Chodzinski: Wie, was ich da gemacht habe oder wie ich das empfunden habe, was da passiert ist?

Kater: Na beides. Das zweite Frage kreist um das, was gestern mit Diana ganz groß Thema war, nämlich, was ich so deutlich bis dahin auch nicht formuliert hatte, dass, obwohl die Ausstellung „Der Zeichnungsgenerator“ hieß, es eigentlich gar nicht wirklich um Zeichnung ging, sondern viel mehr um die Abwesenheit vom Zeichnung. Außerdem hatten viele Entscheidungen, die während des Aufbaus getroffen wurden und die dann die ganze Ausstellung bestimmten, nichts mit dem Thema Zeichnung, bzw. dem Zeichnen, zu tun. Ich habe da, als etwas hinkenden Vergleich, den Bildaufbau im Manierismus vor Augen: da gibt es oft die leere Mitte als Kompositionsprinzip. Und für mich hat die Ausstellung viel mit einer leeren Mitte zu tun, mit positiven und negativen Aspekten. Das sozusagen als zweites Thema.
   Und die dritte Frage, das hat dann ein bißchen was meinem Blick auf deine Arbeit jetzt da bei dieser Hamburg-Geschichte, dem Hamburg-Stipendium, zu tun, ist die Frage mit der "Setzung". Und dass das, was du, so erinnere ich mich, als Absaufen beschreibst, dieses "zu viel tun und nicht vertrauen, dass es trägt und damit alles wieder verderben", dass ich das einerseits gut nachvollziehen kann und andererseits ich aber denke, dass ich mit "Setzung" anders umgehe, darunter etwas anderes verstehe. In Hannover gab es in meinen Augen Setzungen hauptsächlich deshalb, um auf sie reagieren zu können... also ein Wachsen möglich zu machen, ein sehr vorsichtiges Wachsen. Das für mich ein ganz großes Glück... und ein großes Leiden natürlich auch, aber das sind Momente, wo ich sehr lebe, die, wenn ich denn bis dahin komme, mir also nichts dazwischen kommt, sehr viel bedeuten. Und da würde ich mich, ohne das jetzt genauer, präziser fassen zu können, auch gerne mit dir drüber unterhalten. Und dann gibt es bestimmt noch ganz viele andere Fragen... aber das so als Einstieg, wenn das nicht schon zu viel ist jetzt... Du kannst dir aussuchen, was dich am meisten interessiert.

Chodzinski: Am sinnvollsten ist ja, die Fragen auch in so einer Chronologie zu beantworten, d.h. im Endeffekt zu sagen, was ist da passiert und was ist da quasi auffällig gewesen an dieser… oder bzw. was ist da eigentlich passiert während des Aufbaus.


Nun denn... Kater: Du warst zweimal da, oder?

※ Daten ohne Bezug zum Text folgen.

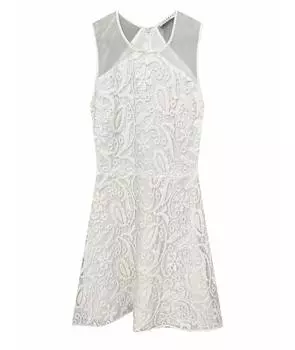 Коктейльное платье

Chodzinski: Mhm, ich war zweimal da, zwei Wochenenden.
So – da gibt es einmal jetzt so einen persönlichen Aspekt des Handelns mit da drin, über den man reden kann, aber den ich persönlich gar nicht so spannend finde. Spannender ist eher die Rolle, die ich als dann letzten Endes dreimal dagewesener Rezipient habe, weil ich am Anfang da war, in der Mitte da war und zur Eröffnung wieder da war und einfach der Meinung bin, dass du quasi mit der Auffassung, mit der du da rangehst, also auch mit dem Verlieren, es so eine Ambivalenz in der Beurteilung gibt und zwar, dass ich das Gefühl habe, dass es total idiotisch ist, gewesen ist, so eine Ausstellung zu machen. Weil für mich das, was du da gearbeitet hast oder auch wie du daran gearbeitet hast, eigentlich nichts mit einer Ausstellung zu tun hat, die irgendwie was zu sagen hat, also die eine Botschaft oder so was vermittelt und das innerhalb von zwei Wochen oder drei Wochen, fast drei Wochen Aufbau auf einen Punkt bringt, der vermittelbar wäre.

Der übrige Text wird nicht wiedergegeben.